Orquestas y solistas de primera fila han participado en el 40º festival

Pese a que en la madrugada del sábado los que se atrevieron a trasnochar e ir a la antigua iglesia de San Miguel escucharon uno de esos conciertos que marcan de por vida, todo el mundo el domingo estaba de acuerdo en el resumen: ha sido una estupenda Semana de Música Religiosa en Cuenca. Por encima de sus mejores momentos, esta edición del festival, que cumple 40 años de vida, convencía a propios y extraños.

Amplitud de miras estéticas e intérpretes de primera calidad han refundado, sin olvidar logros pasados y con una ambiciosa mirada hacia el futuro, este certamen de música. Antes del éxito de Jordi Savall y su hermoso programa hermanando a Tomás Luis de Victoria con Franz Joseph Haydn y hasta, por la vía improvisatoria, con las turbas procesionales del Viernes Santo, sucedieron los de Gustav Leonhardt, sir Roger Norrington y Anatol Ugorski, el Cuarteto Sine Nomine, Timothy Roberts y Harry Christophers. Y el del compositor Carlos Cruz de Castro en la obra de encargo de la Semana: Ex corde de Mozart-Tuba mirum, una brillantísima paráfrasis sobre temas del Réquiem que se daba a continuación.

Cruz de Castro hace en su nueva pieza un magnífico ejercicio de desarrollo temático e inventiva tímbrica de la mano de ese tan suyo, y archidemostrado en obras anteriores, dominio de la rítmica. Víctor Pablo Pérez y la Sinfónica de Galicia fueron fieles a su prestigio en el estreno y, con el Coro de la Comunidad de Madrid e Isabel Monar -estupenda en el Exultate, jubilate que completaba el programa-, Marisa Martins, Francesc Garrigosa y Josep Miquel Ramón como solistas, en una intensa, casi expresionista, feroz por momentos versión del Réquiem mozartiano.

El tiempo detenido

Pero el prodigio llegó en la noche del Sábado Santo. Tras una formidable lectura del precioso Cuarteto de Agrippa, de Antón García Abril, el Ensemble Villa Musica -con Rainer Kussmaul, concertino de la Filarmónica de Berlín al frente- atacó los primeros compases del Cuarteto para el fin de los tiempos, de Olivier Messiaen. Nadie sabrá si el tiempo aún no acabado se detuvo o si todos nos fuimos al campo de concentración de Görlitz, a la primera vez de la obra, a su estreno ante 5.000 prisioneros por otros cuatro prisioneros, entre ellos su autor al piano.
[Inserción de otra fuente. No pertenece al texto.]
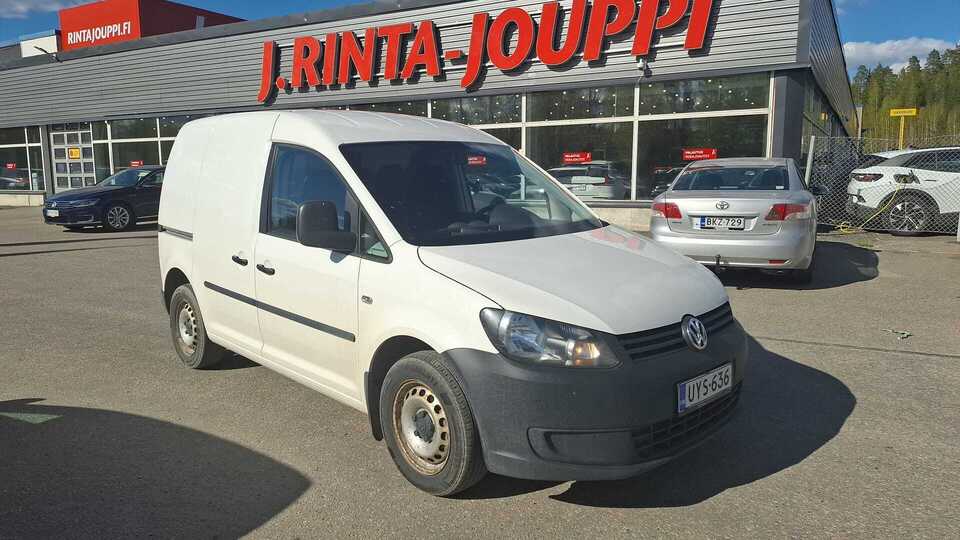 Volkswagen Caddy vaihtoauto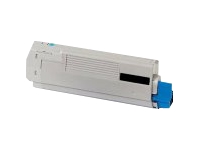 OKI C822 cartouche de toner noir capacité standard 7.000 pages pack de 1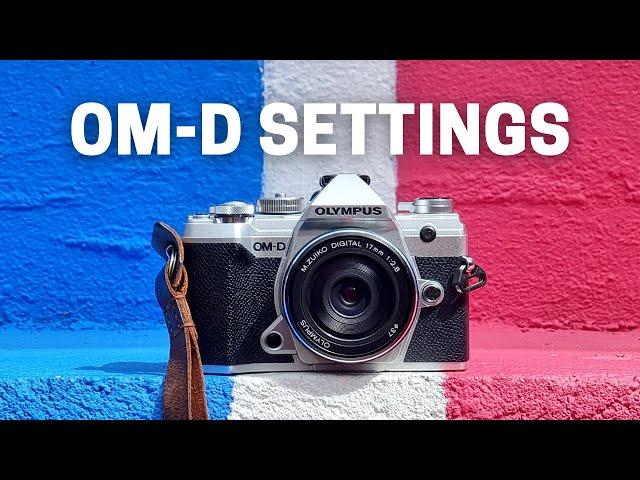 10 Default Olympus OM-D Settings That I Change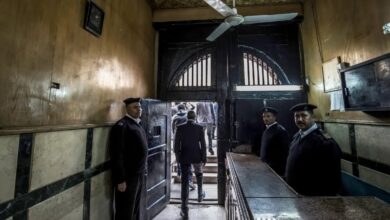 السجون المصرية - مصر بمقعد حقوق الإنسان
Nadie que estuviera en la antigua iglesia de San Miguel olvidará mientras viva las dos Alabanzas -A la eternidad y A la inmortalidad de Jesús- dichas de manera inefable por Martín Ostergat al violonchelo la primera, por el propio Kusslau la segunda, con Kalle Randalu como pianista tan rendido a la belleza de lo que estaba ayudando a revivir como atónito iba quedando un público que había admirado antes de estos dos momentos inigualables al clarinetista Ulf Rodenhäuser en Liturgia de cristal o en Abismo de los pájaros. El silencio absoluto, respetuoso, emocionante tras la última nota, antes de los aplausos, fue el mejor homenaje a una música, a su autor y a unos intérpretes que rozaron literalmente el cielo con las manos.
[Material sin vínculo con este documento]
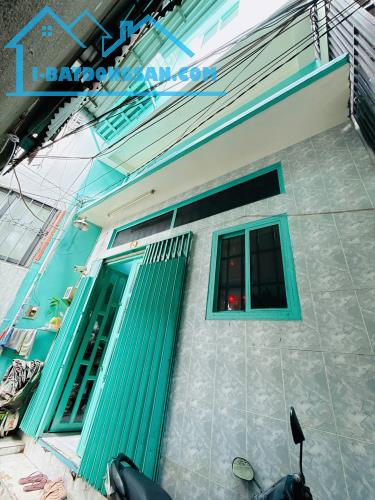 Bán nhà 2 lầu cách mặt tiền Nguyễn Duy chỉ 20m P12Q8 (P.Phú Định)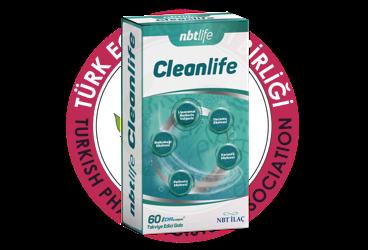 NBTLIFE CLEANLIFE TAKVIYE EDICI GIDA KAPSUL  60 kapsül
La Semana tuvo un doble cierre. Primero, con la Missa in die Sancto Paschae, en la catedral, con las partes del gregoriano cantadas por la Schola Antiqua que dirige Juan Carlos Asensio; luego, en el Auditorio, La Stagione de Frankfurt, dirigida por Michael Schneider, demostraba que se puede hacer un Bach -los oratorios De Pascua y De la Ascensión- con los mínimos elementos orquestales y vocales y lograr una irradiación espiritual máxima. Fue algo así como la plenitud carnal de esa inmortalidad que marca la Resurrección.